Baxter's Dual Luer Lock Cap is intended for use as a cap for male or female luer ports on medical devices such as manifolds, stopcocks or sets.

The subject of this submission is a sterile Dual Luer Lock Cap which will be used to cover male or female luer ports on medical devices. The proposed Dual Luer Lock Cap will replace the existing port cap on a number of currently marketed Baxter devices such as sets, stopcocks and manifolds. It will also be sold individually as a replacement cap to cover an open luer port after it has been accessed and is no longer in use. The Dual Luer Lock Cap consists of an integrated design with a male luer lock connection on one end and a female luer lock connection on the other end.

Here's an analysis of the provided text regarding the "Dual Luer Lock Cap" and its acceptance criteria and supporting study, formatted as requested.

1. Table of Acceptance Criteria and Reported Device Performance

2. Sample Size Used for the Test Set and Data Provenance

The document does not explicitly state the specific sample size used for the test set. It mentions "functional testing" was performed, and "data have been generated," but no numbers are provided for the quantity of devices tested.

The data provenance is not specified regarding country of origin or whether it was retrospective or prospective. Given the nature of a 510(k) submission for a medical device accessory, it is almost certainly a prospective test conducted by the manufacturer for regulatory approval.

3. Number of Experts Used to Establish the Ground Truth for the Test Set and Qualifications of Those Experts

This information is not detailed in the provided text. For a device like a luer lock cap, "ground truth" would likely be established by engineering specifications and objective measurements against those specs, rather than expert interpretation (e.g., radiologist consensus).

4. Adjudication Method for the Test Set

This information is not detailed in the provided text. Since the acceptance criteria are functional, adjudication would likely involve comparing test results directly to predefined objective standards, rather than a consensus method among human adjudicators.

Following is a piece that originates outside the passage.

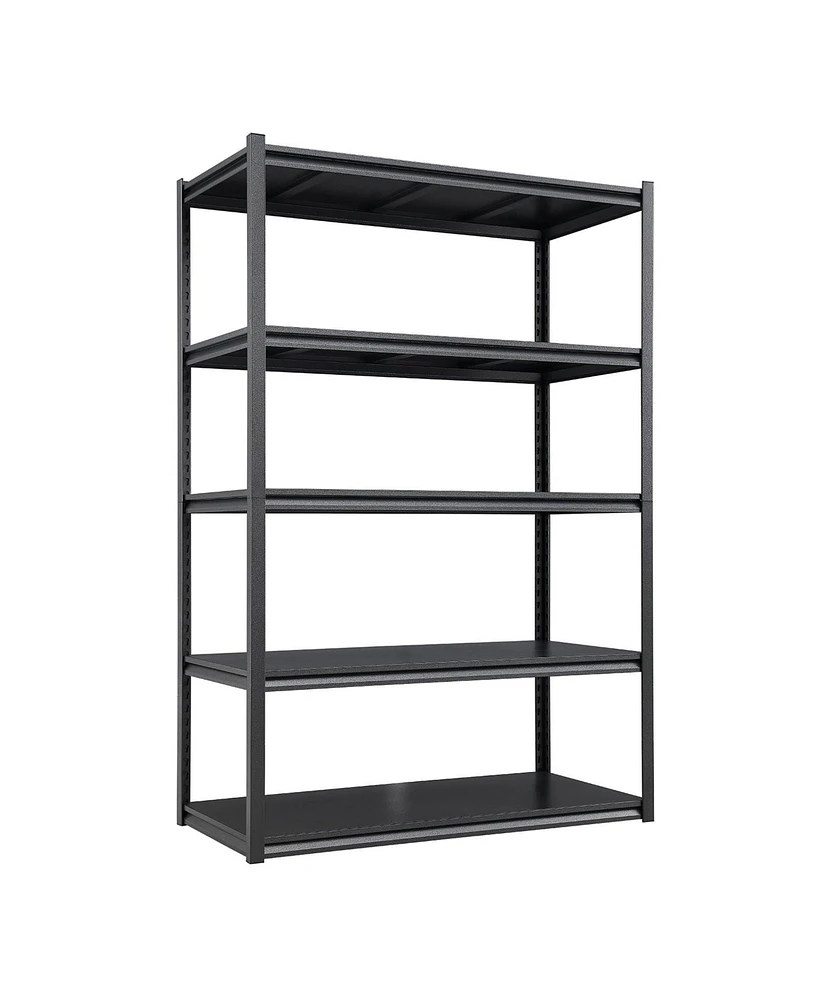 72"H 5 Tier Metal Shelves for Storage Garage Shelving 2000LBS Heavy Duty Storage Shelves Adjustable Garage Shelf Industrial Shelving Unit Storage Util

5. Multi-Reader Multi-Case (MRMC) Comparative Effectiveness Study

An MRMC comparative effectiveness study was not conducted. This type of study is typically relevant for diagnostic imaging AI systems where human readers interpret medical images. The "Dual Luer Lock Cap" is a mechanical medical device, not a diagnostic tool that involves human interpretation of data.

6. Standalone (Algorithm Only Without Human-in-the-Loop Performance) Study

A standalone study was effectively performed, although the term "algorithm" is not applicable here. The device's functional performance was evaluated independently without human intervention influencing the functional outcome itself. The tests would assess properties like seal integrity, connection strength, and material properties.

7. Type of Ground Truth Used

The ground truth used for this device would be based on engineering specifications and objective functional requirements. This includes standards for luer connectivity, sealing capability, material compatibility, and sterilization. The specific details of these functional requirements are not itemized in the summary, but it's implied that the device was tested against such standards.

8. Sample Size for the Training Set

The concept of a "training set" is not applicable to this device. Training sets are used for machine learning algorithms. The "Dual Luer Lock Cap" is a physical medical device, not an AI or software product.

9. How the Ground Truth for the Training Set Was Established

Since there is no "training set" for this physical device, this question is not applicable.